Jumat, 03 Agustus 2018

JAKARTA

       Waktu kamu membaca ini, mula-mula saya memintamu agar membayangkan sedang duduk di kursi ini dengan perasaan agak menyesal ( tapi ya bagaimana ya..) karena saat memesan tiket, ketidaktelitian membuatmu lupa memilih tempat duduk favoritmu saat  melakukan perjalanan, di samping jendela, misalnya.

       Seterusnya, kamu boleh membayangkan jadi apa saja; jadi bapak-bapak yang duduk di sebelahku, yang sebenarnya dengan baik hati mempersilakanku duduk di samping jendela tapi karena rasa sungkan dengan halus aku terpaksa menolaknya, atau jadi ibu-ibu pebisnis yang kukenal dari sedikit percakapan kami saat mula-mula duduk di bangku ini, atau jadi wirausahawan KAI yang menjajakan kopi dan popmie (yang sebenarnya lebih mirip mahasiswa danusan). Ya, setelah ini kamu boleh membayangkan jadi apa saja, tapi mula-mula, bolehkah aku memintamu untuk sebentar membayangkan rasa kecewa melewatkan kesempatan menikmati pemandangan alam ini?

Terimakasih.

       Sebenarnya lebih dari itu, Pembaca.  Tiga hari lalu saya berangkat ke Jakarta dengan perasaan benci yang tidak karuan. Saya sedang ada masalah dengan adik saya, plus perasaan malu bercampur jengkel kepada bapak kos teman saya yang memberikan saya tumpangan di Jogja sebelum kemudian mengusir saya. Terus terang, kalau tidak karena ibu saya yang meminta saya dengan sangat halus untuk tetap pergi ke Jakarta mempersiapkan semua kebutuhan adik saya yang baru saja lolos seleksi sebuah kampus ikatan dinas, saya tidak akan berangkat ke kota itu, Pembaca. Hanya bakti pada orang tualah yang menggerakkan saya untuk tidak membatalkan tiket dan berangkat dengan  kondisi demikian adanya.
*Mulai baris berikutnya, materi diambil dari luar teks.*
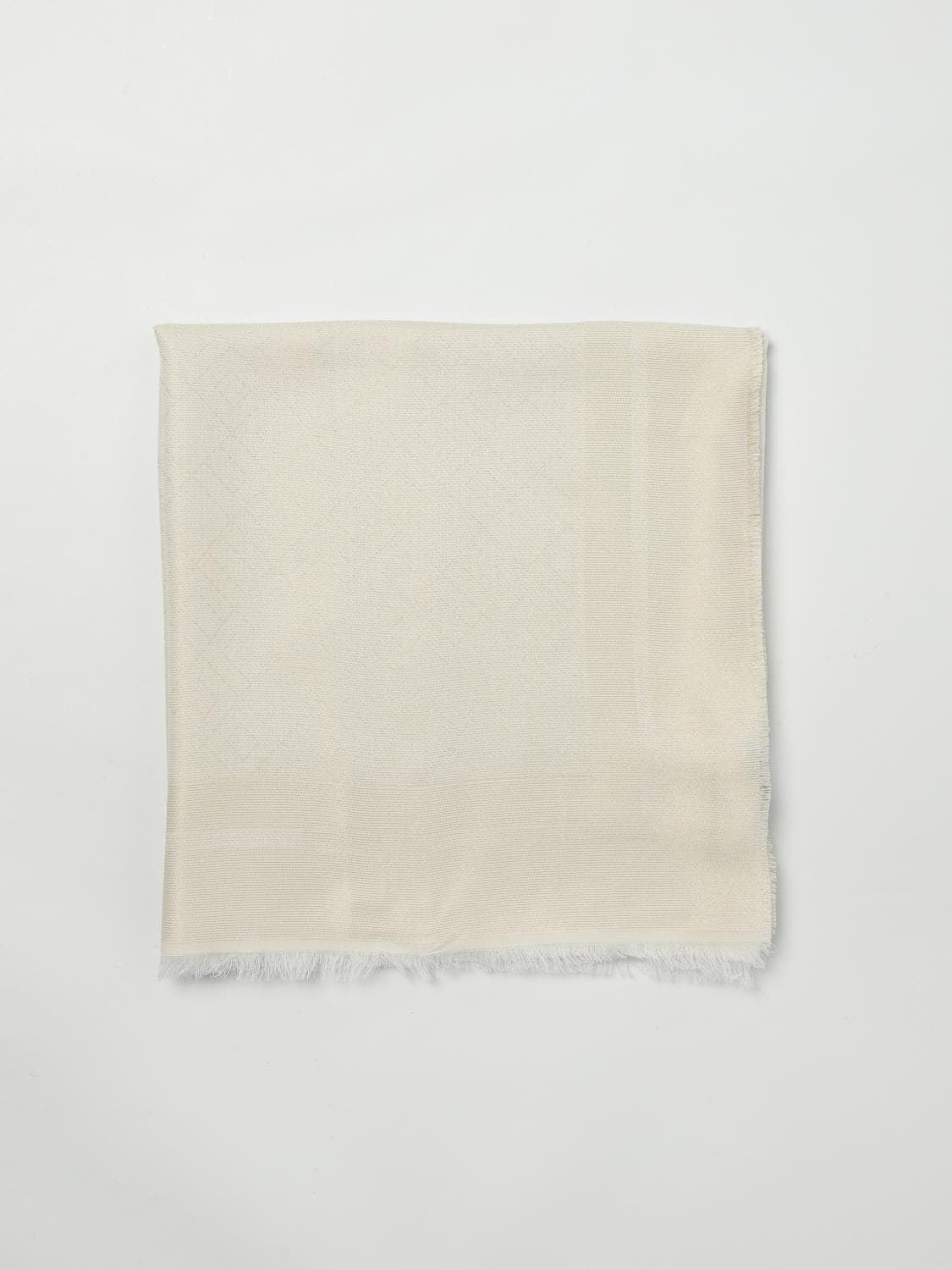 Elisabetta Franchi Scarf Woman color Milk · OS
       Pembaca, saya sudah diterkam rasa sungkan sejak hari pertama ada di Jakarta. Ya, saya musti menginap di kost perempuan. Sebenarnya sih biasa saja, toh saya ada disana bersama ayah, ibu, dan adik saya. Tapi perasaan itu makin kuat mencengkram leher saya saat saya dengar kabar bahwa penghuninya akan datang esok. habislah saya..

       Hari pertama, saya nyaris tak bisa tidur. Udara pengap sekali, seolah tak ada jalan sekadar buat angin lewat. Pula, saya agak prihatin melihat orang-orang yang tinggal di sekitar sini. Bagaimana mereka bisa benar benar hidup nyaman dan bahagia di tempat sesempit dan sepanas ini? Saya tidak sedang mencari jawaban. Terus terang, saya hanya ingin bilang, saya tidak kerasan.

        Begitulah, muasal segala ketidaktelitian ini. Keinginan untuk lekas pergi dari Jakarta berimbas pada penyesalan saya di bangku ini. Untungnya, saya tidak lagi diliputi rasa benci, jutru keharuan yang kalau tidak ditahan bisa merembes dari pelupuk mata, lebih-lebih saat membaca sebuah pesan yang masuk dari ibu saya, "Makasih ya, udah mau nemenin ibu.."

Saya pejamkan mata, dan berharap ingin segera sampai ke kost selekas-lekasnya.